L'ÉDITO DU PÈRE CACAUD

semaine du 10 novembre 2024

Citius, Altius, Fortius, Communiter (8) L’obole de la veuve.

L’évangile de ce dimanche semble réorienter notre regard et notre réflexion. Il ne s’agit plus de lever nos yeux vers les vainqueurs, les gagnants, ceux qui sont entourés d’un halo de lumière mais bien au contraire de prendre en considération une pauvre veuve que Jésus nous donne en exemple. Mais sommes-nous si éloignés que cela de notre devise olympique : plus vite, plus haut, plus forts, ensemble ?

Il nous faut revenir à la logique de l’évangile qui renverse nos manières humaines de considérer les personnes et les situations. Comme le dit Jésus, cette pauvre veuve qui n’a pas fait une obole considérable à donner beaucoup plus que tous les riches qui ont déposé de grosses sommes. Elle a été plus généreuse car « elle a donné de son indigence » alors que les riches ont donné « de leur superflu ». En donnant peu, elle a tout donné. Plus tard, la sagesse chrétienne dira : « Tant que l’on a pas tout donner, on a rien donné ». En cela cette pauvre veuve est véritablement disciple de Jésus qui « ayant la condition de Dieu, ne retint pas jalousement le rang qui l’égalait à Dieu. Mais il s’est anéanti, prenant la condition de serviteur, devenant semblable aux hommes. Reconnu homme à son aspect, il s’est abaissé, devenant obéissant jusqu’à la mort, et la mort de la croix. » (Ph 2, 6-8). Ailleurs l’Apôtre Paul écrira : « Vous connaissez en effet le don généreux de notre Seigneur Jésus Christ : lui qui est riche, il s’est fait pauvre à cause de vous, pour que vous deveniez riches par sa pauvreté. » (2Co, 8,9).
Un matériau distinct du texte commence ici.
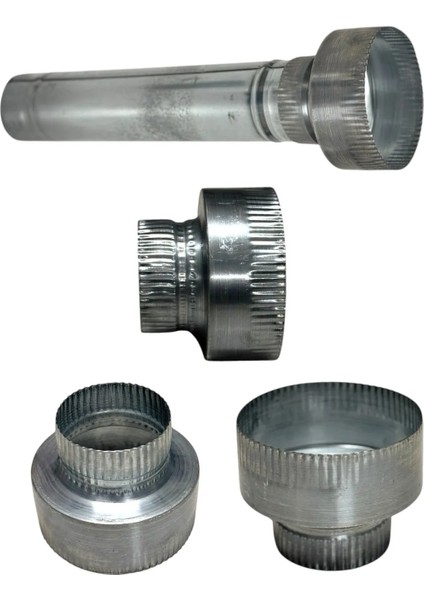 Soba Borusu Dönüitürücü - Boru Dönüitürücü Adaptör 8cm'den 13CM'YE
C’est là le paradoxe de la vie chrétienne qui fait que la pauvreté devient la source de la vraie richesse, elle devient cet espace où la grâce de Dieu peut opérer et faire surgir des élans de générosité. Et cette pauvre veuve à travers son obole illustre la parole du Seigneur ; « Père, Seigneur du ciel et de la terre, je proclame ta louange : ce que tu as caché aux sages et aux savants, tu l’as révélé aux tout-petits. » (Mt 11, 25). Elle est allée au bout de la démarche, elle est allée véritablement plus vite, plus haut avec plus de force car elle était tout entière animée par la grâce de Dieu.

Cette situation de pauvreté est celle de beaucoup de chrétiens que nous regardons souvent avec beaucoup de bienveillance, que nous essayons d’aider mais que nous avons de la peine à recevoir comme des modèles que le Seigneur nous donne. Cette situation de pauvreté ne peut pas être considérer comme un handicap pour la vie chrétienne et pour le service de la mission. C’est bien ce que saint Paul écrivait aux Corinthiens : « Frères, vous qui avez été appelés par Dieu, regardez bien : parmi vous, il n’y a pas beaucoup de sages aux yeux des hommes, ni de gens puissants ou de haute naissance. Au contraire, ce qu’il y a de fou dans le monde, voilà ce que Dieu a choisi, pour couvrir de confusion les sages ; ce qu’il y a de faible dans le monde, voilà ce que Dieu a choisi, pour couvrir de confusion ce qui est fort ; ce qui est d’origine modeste, méprisé dans le monde, ce qui n’est pas, voilà ce que Dieu a choisi, pour réduire à rien ce qui est ; ainsi aucun être de chair ne pourra s’enorgueillir devant Dieu. C’est grâce à Dieu, en effet, que vous êtes dans le Christ Jésus, lui qui est devenu pour nous sagesse venant de Dieu, justice, sanctification, rédemption. » (1Co 1, 26-30).

Pour la plupart nous ne sommes pas atteints par la pauvreté matérielle et cependant ce à quoi nous sommes tous appelé c’est à la pauvreté spirituelle qui nous fait regarder les pauvres pas seulement comme ceux que nous pouvons aider, même si nous avons raison de le faire, mais comme ceux que le Seigneur place sur notre route pour nous ramener à une juste évaluation de nos vies qui ne se pèsent pas « en espèces sonnantes et trébuchantes » mais à l’aulne de notre générosité. Souvenons-nous de la sentence de la plaisante sagesse lyonnaise : « Mon gone quand tu seras à Loyasse tu auras beau avoir amassé tant et plus et même d’avantage, tu ne seras riche que de ce que tu auras donné » Merci à la pauvre veuve de l’évangile de nous apprendre à aller plus vite, plus haut à devenir plus forts, ensemble sur notre chemin à la suite de Jésus.